Everyone understands the importance of having pollinators in the garden. If you’re growing fruit trees, squash, cucumbers and other crops, you need insects to pollinate the flowers so that the fruit can set.
I’ve never been very intentional about attracting pollinators to the garden. They always just seem to be there. But I’ve always noticed what plants seem to attract these insects. One of the best plants for bringing bees the to garden seems to be lavender.
This easy to grow perennial is a bee magnet. When the lavender is blooming, one plant can easily be swarming with over a dozen bees. The lavender plant that’s in bloom right now is especially attractive to bumblebees. While a nearby russian sage has honey bees flying around its blooms, the lavender has nothing but bumblebees visiting its flowers.
I also have a volunteer borage plant growing near the lavender. Borage is supposed to be a great plant for attracting bees but when there’s lavender nearby, the bees ignore the borage and head straight to the lavender!
Growing lavender is easy. While starting it from seed can be a challenge due to slow and sporadic germination, if you start with a small plant from a nursery, it’s hard to go wrong. Lavender likes full sun but doesn’t need a lot of fertilizer. It’s ignored by rabbits (yeah!) and the only thing it can’t tolerate is heavy, wet soil. If you want more plants, you can take cuttings and root them easily. And when the plant starts to bloom, you can cut some of the flowers and dry them for potpuorri or to use as dried flowers.

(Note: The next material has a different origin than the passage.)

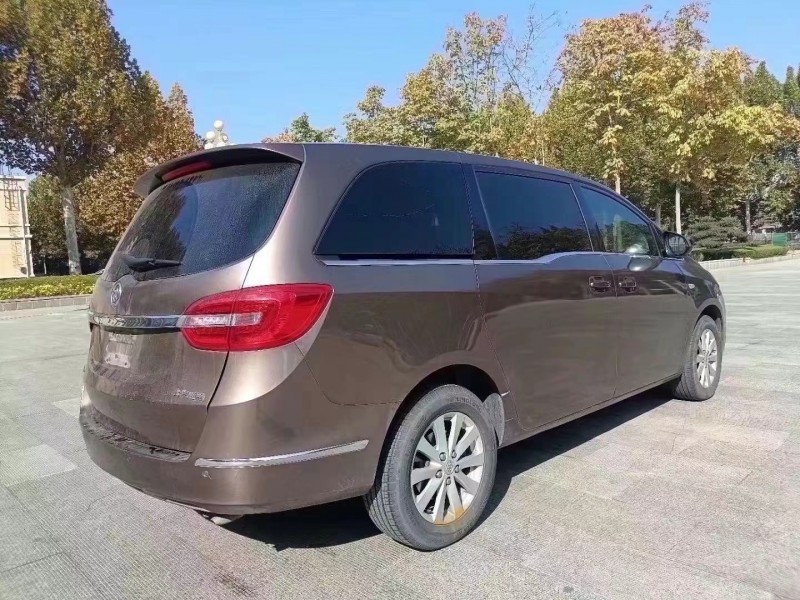 济宁20年别克GL85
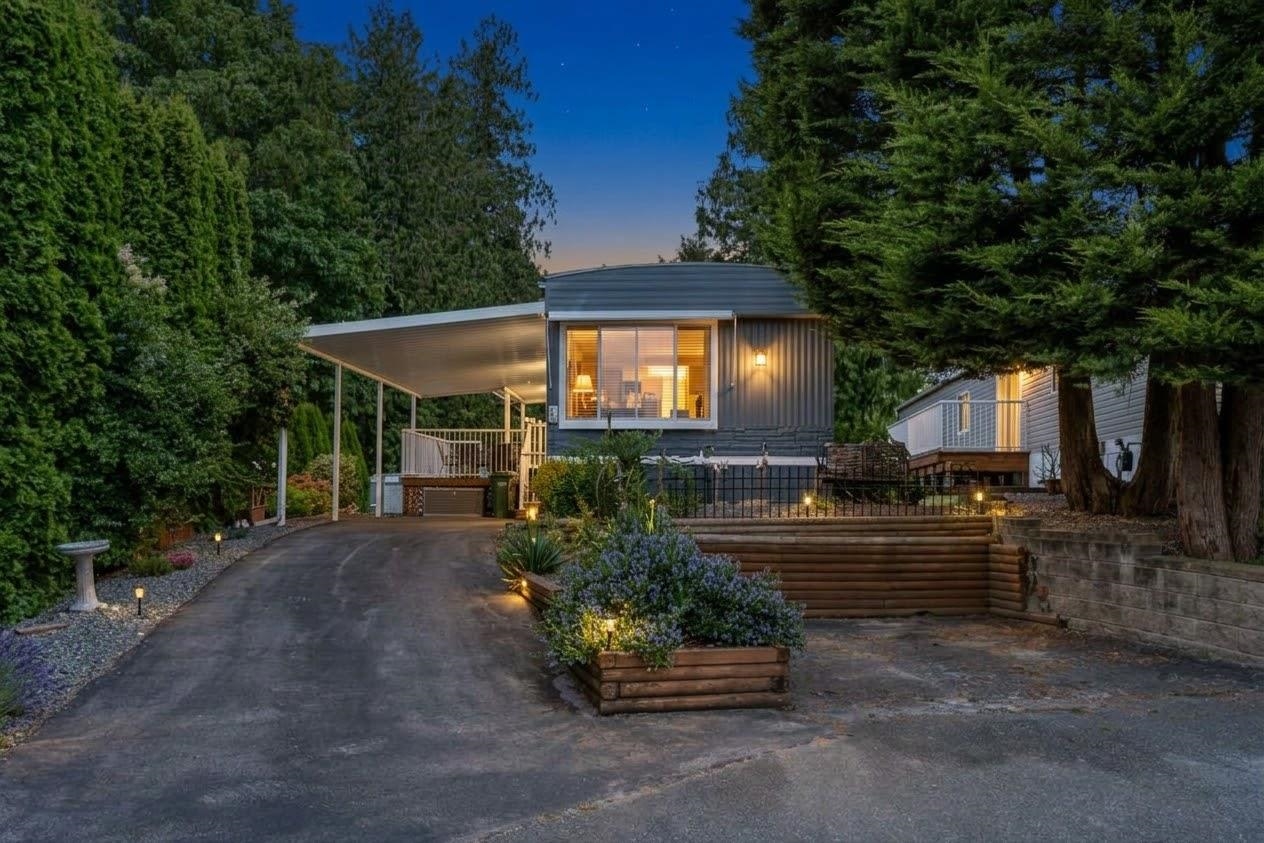 30 2035 MARTENS STREET, R3171038, BC,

After seeing how well the lavender has grown and how the rabbits leave it alone, I’ve planted a small bed of lavender near the front door. The location is warm and sunny and the plants should make an easy to maintain “hedge” that will draw in the bees.
I’m also thinking about taking some cuttings, rooting them and planting them in the vegetable garden. It certainly can’t hurt to have a few more bees working in the garden.
So if you want bees, try some lavender – it’s sure to bring them into your yard.